GS: La community è fatta principalmente di donne (35-45) amanti del design, arte, viaggi, musica con un livello culturale medio/alto, sensibili ai temi di sostenibilità e spesso impegnate socialmente. Comprano artigianato e da piccoli produttori da anni, cambiando anche le modalità di acquisto della loro famiglia. Il rapporto è di enorme supporto ed entusiasmo, sono loro le prime a farci pubblicità, mandandoci foto ogni giorno e facendo amicizia fra loro in tutta Italia. Sono sempre pronta ad ascoltare le loro idee e necessità, filtrandole con le nostre possibilità tecniche e di approvvigionamento, ma anche con il nostro stile percepito, che non può essere diluito.
ENG
LZ: Your brand is involved in several social initiatives, including one with Pangea onlus, an organization which supports the economic and social development of women and their families. What suggestions would you give to a woman who is launching a project in the world of sustainable fashion?

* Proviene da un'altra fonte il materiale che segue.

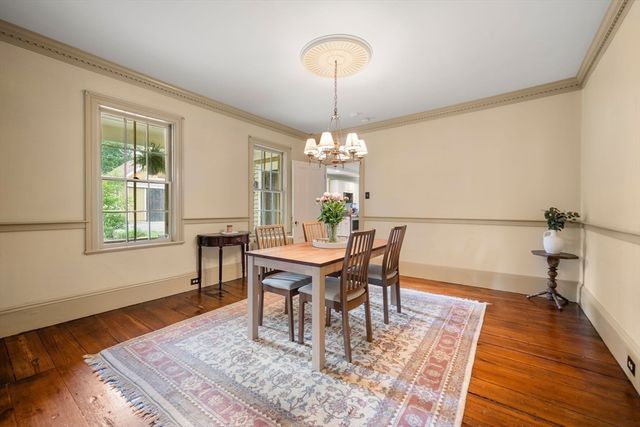 31 Broadway, Hanover, MA 02339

GS: If the ambition is to create a structured brand and not a small self-production, it is first of all important to understand if the product we have in mind meets a real need of the market. It is useless to talk about sustainability if we are part of the problem and not part of the solution by introducing products that are not needed or are photocopies. Secondly, we need to find an ally, a manufacturing company that can become a partner and not just a supplier. In this way, the relationship will be one of mutual growth and more interesting for those who produce for us. Third, the public: identify it, target it, listen to it. There is really no need for abstract products that only satisfy our expressive needs. Fourth: don't bet everything on sustainability. Our everyday scquisition choices are first of all dictated by emotion, only later do we evaluate sustainability but also price, wearability, occasions for use etc. The initial spark of interest by customers is dictated by the recognition of a style that represents them and we should all, as brands, invest more in the search for that sort of recognizable style.
IT
LZ: Il tuo brand è impegnato in diverse iniziative sociali, tra cui quella con Pangea onlus, organizzazione che supporta lo sviluppo economico e sociale delle donne e delle loro famiglie. Che suggerimenti daresti a una donna che sta lanciando un progetto nel mondo della moda sostenibile?
GS: Se la nostra è un’ ambizione di brand strutturato e non una piccola autoproduzione, è innanzitutto importante capire se il prodotto che abbiamo in mente soddisfa una reale necessità del mercato. E’ inutile parlare di sostenibilità se poi ci rendiamo parte del problema e non della soluzione immettendo prodotti che non servono o sono fotocopie. Seconda cosa trovare un alleato, una realtà manifatturiera che diventi partner e non soltanto fornitore, il rapporto sarà così di reciproca crescita e più interessante per chi produce per noi. Terzo il pubblico: individuarlo, targettizzarlo, ascoltarlo. Non c’è davvero più bisogno di prodotti astratti che soddisfano solo una nostra esigenza espressiva. Quarto: non puntare tutto sulla sostenibilità. Quello che scegliamo ogni giorno è sempre fatto prima di tutto emotivamente, solo in un secondo tempo valutiamo sostenibilità ma anche prezzo, vestibilità, occasione di utilizzo etc. La scintilla iniziale è comunque dettata dal coinvolgimento per uno stile che sentiamo simile a noi e sulla ricerca di uno stile riconoscibile dovremmo tutti, come brand, investire di più.